First, lock it down. Change your passwords immediately (use strong, unique ones!) and enable multi-factor authentication if you haven’t already. If you’ve been locked out of accounts, contact your provider ASAP for recovery options. Disconnect affected devices from the internet to stop further data leaks, and check if your antivirus software has detected any threats.
Next, report the incident. In Australia, head straight to the Australian Signals Directorate’s ReportCyber page to log the cyber crime. It helps authorities track threats and provides guidance for victims. If you prefer to talk to someone, you can contact the Australian Cybersecurity Hotline on 1300CYBER1.

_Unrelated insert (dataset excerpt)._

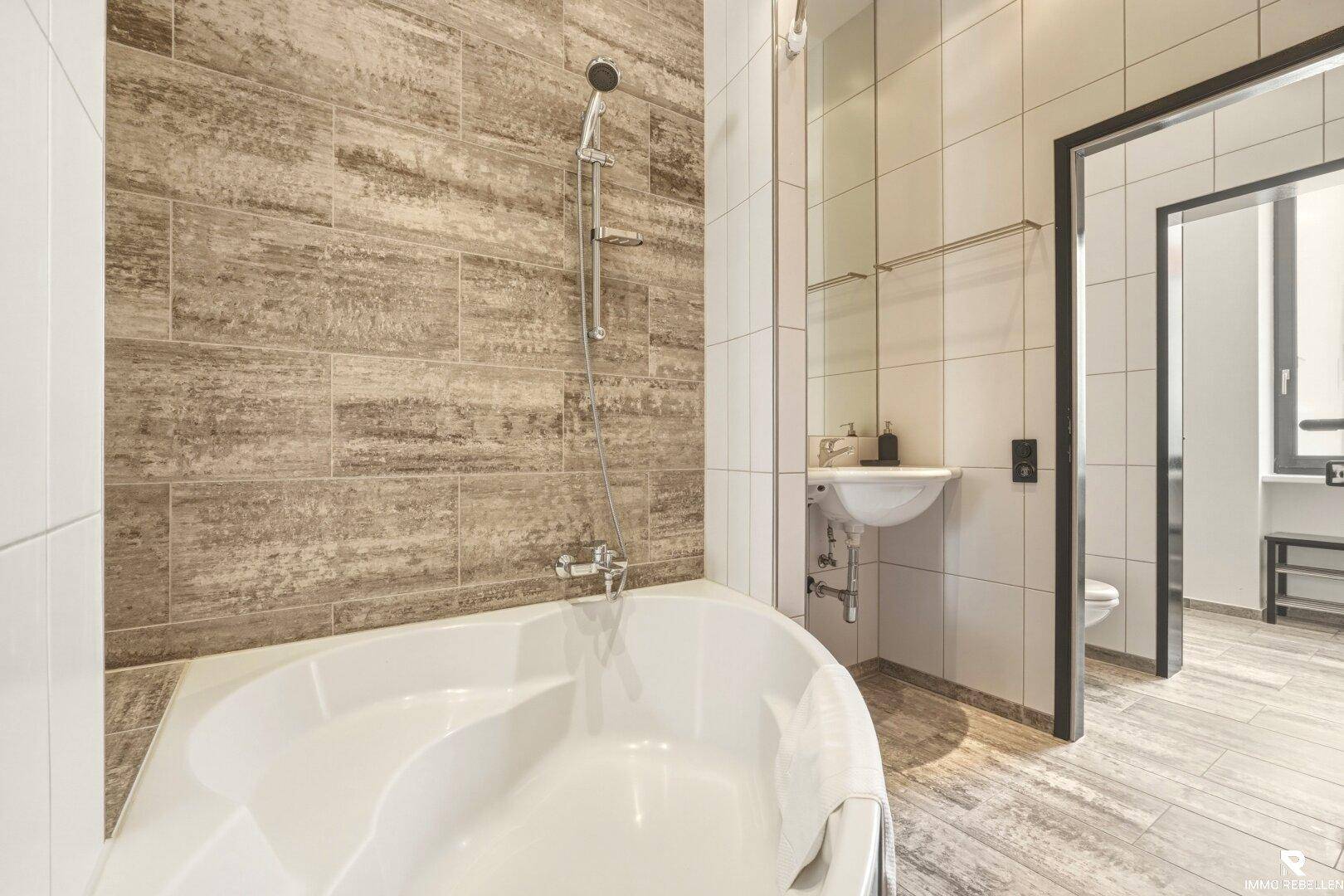 Badezimmer mit Eckbadewanne und modernen Fliesen an den Wänden, funktional und hell.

For personal support, especially if sensitive info like your identity or customer data has been exposed, reach out to IDCARE. They offer free, confidential support and tailored advice to help you manage the fallout.
Step 2: Assess the damage
Once you’ve contained the immediate threat; take stock. What systems or accounts were accessed? Has customer data been exposed? Check bank statements, email logs, and cloud storage for any suspicious activity. If customer or supplier details were compromised, you may need to notify them, as well as Scamwatch, to help prevent follow-up scams.

Step 3: Strengthen your defences for next time
After the dust settles, it’s time to fortify your cyber walls. Update all systems and software, review who has access to sensitive data, and consider cyber security tools like endpoint protection or dark web monitoring. Most importantly, invest in training for yourself and your team. Scammers are getting smarter, but so can you.
For simple, practical steps to stay ahead of future attacks, enrol in the free Cyber Wardens training program. Because in cyber security, prevention is always better than cure.